Power is critical to economic growth, particularly for developing nations. Pending when we are able to tackle the bigger issues, PEBEC has made it a priority to remove bottlenecks to getting connected to the grid.
By Kayode Olagunju
The achievements of the Presidential Enabling Business Environment Council (PEBEC) with regards to improving the processes involved in setting up businesses in Nigeria are quite clear almost three years after being set up.
One of the focus areas for PEBEC is the process of getting connected to electricity – connecting new businesses to the national grid.
PEBEC’s efforts have resulted in businesses being able to apply online for connection to the grid and reduction in the time taken to be connected from an average of 176 days to 30 days from time of application.
In addition to this, the number of procedures for new connections to the distribution grid has been reduced to 5, and an e-system for application and approval for new connections to the grid by distribution companies has been created to make the processes easier.
However, these laudable achievements are sometimes dwarfed by the inadequacy of power supply and inefficiencies of operators; and those worst hit are business owners. One may therefore wonder, “How are businesses expected to cope with the high unreliability and high cost that comes with being connected to the national grid?”
Firstly, if you are wondering how being connected to the grid is a high-cost endeavour for businesses, let me explain. The existing industry tariff model is designed in such a way that commercial customers (businesses) subsidise the cost of power for residential customers. This creates a situation where businesses end up paying a high price for an inadequate and inefficient source of power supply especially where business premises are not metered and monthly power bills are estimated.
Based on the foregoing, it is clear that businesses need to look beyond the national grid to access the power required to run their operations. However, in considering other options such as Independent Power Plants (IPPs), some aspects of the existing arrangement can be borrowed from. For example, the situation described above where higher-consuming customers subsidise the cost for lower-consuming customers is not such a bad idea if implemented within a more efficient set-up.
Businesses must be located within close proximity to one another (in some sort of cluster) and the IPP. Next, some creativity needs to go into commercial negotiations and Power Purchase Agreement (PPA) pricing after large power consumers have taken the lead in negotiations and engagement in setting up PPAs where they bear the larger portion of the tariffs, while lower-consuming businesses pay a lower price.
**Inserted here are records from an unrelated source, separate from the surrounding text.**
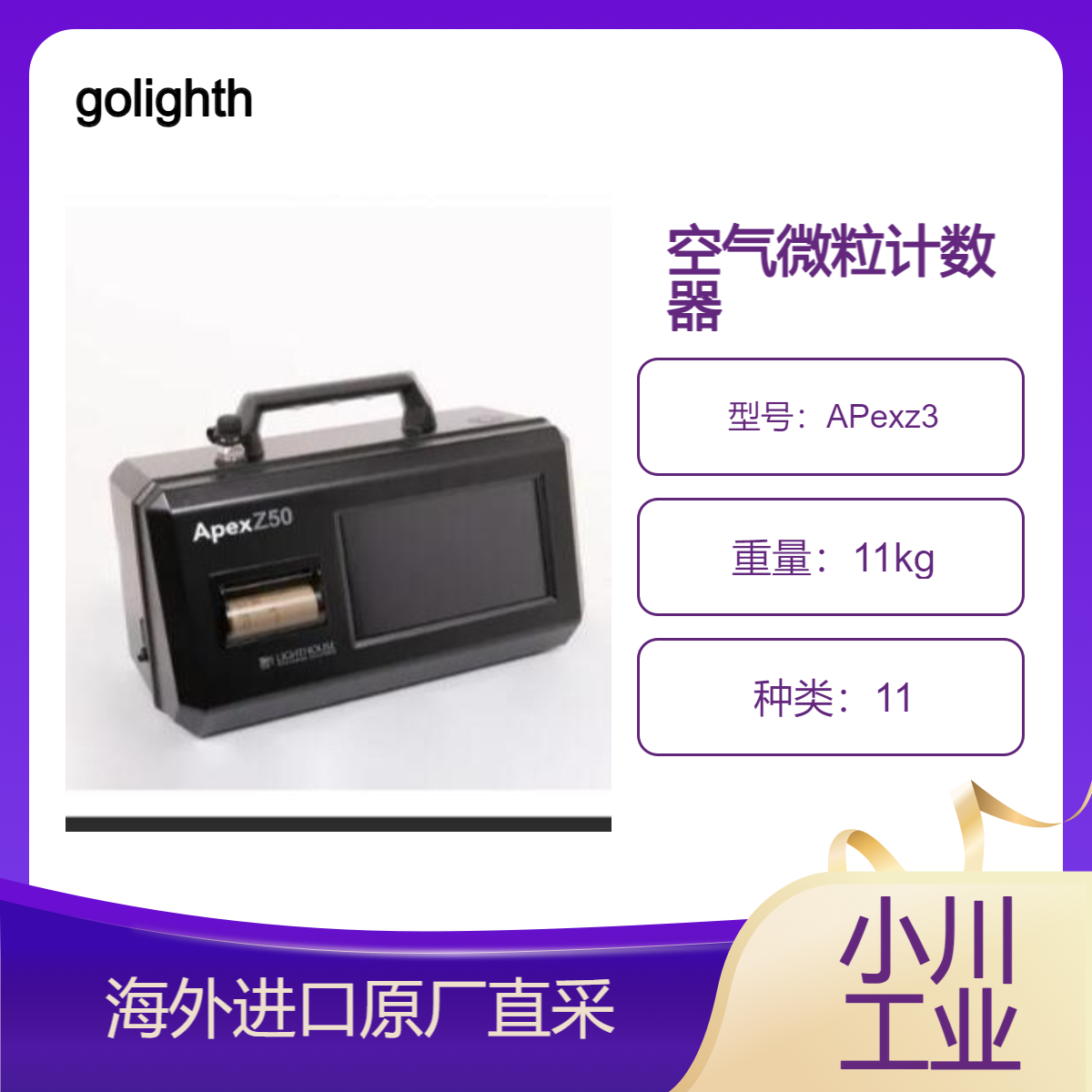 原装进口golighthouse空气微粒计数器APexz3/APexz50环境监测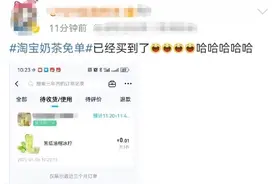 外卖“三国杀”狂撒币，网友抢免单致页面崩溃 电商巨头为何杠上即时零售图片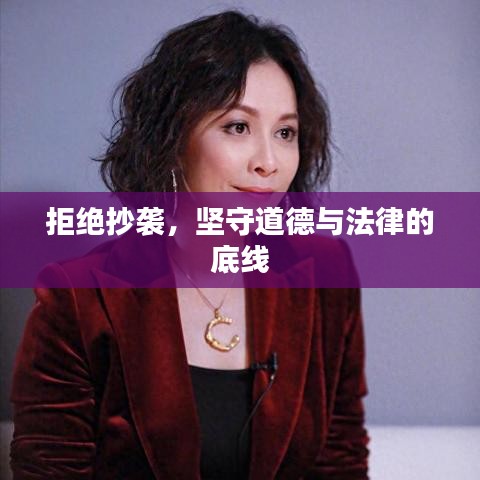 拒絕抄襲，堅守道德與法律的底線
This is not exactly a new model, as there are close examples that exist today. A good example is the Sura Independent Power Project at Simpson Street, Lagos Island where a cluster of about 700 small businesses now access constant electricity supply via a dedicated line from a nearby power plant.
Industry observers may accuse some of the current operators of being unwilling and not open to providing support in actualizing these kind of models but this is not necessarily correct.
What is required most times is extensive dialogue and engagement with all relevant stakeholders to ensure alignment of interests and buy-in.
In summary, as the government seeks to improve the ease of doing business, specifically in the area of getting electricity, a next step would be to consider such alternatives, and the cost of such alternatives can be optimized by employing existing pricing models where larger consumers subsidize the cost for lower consuming businesses.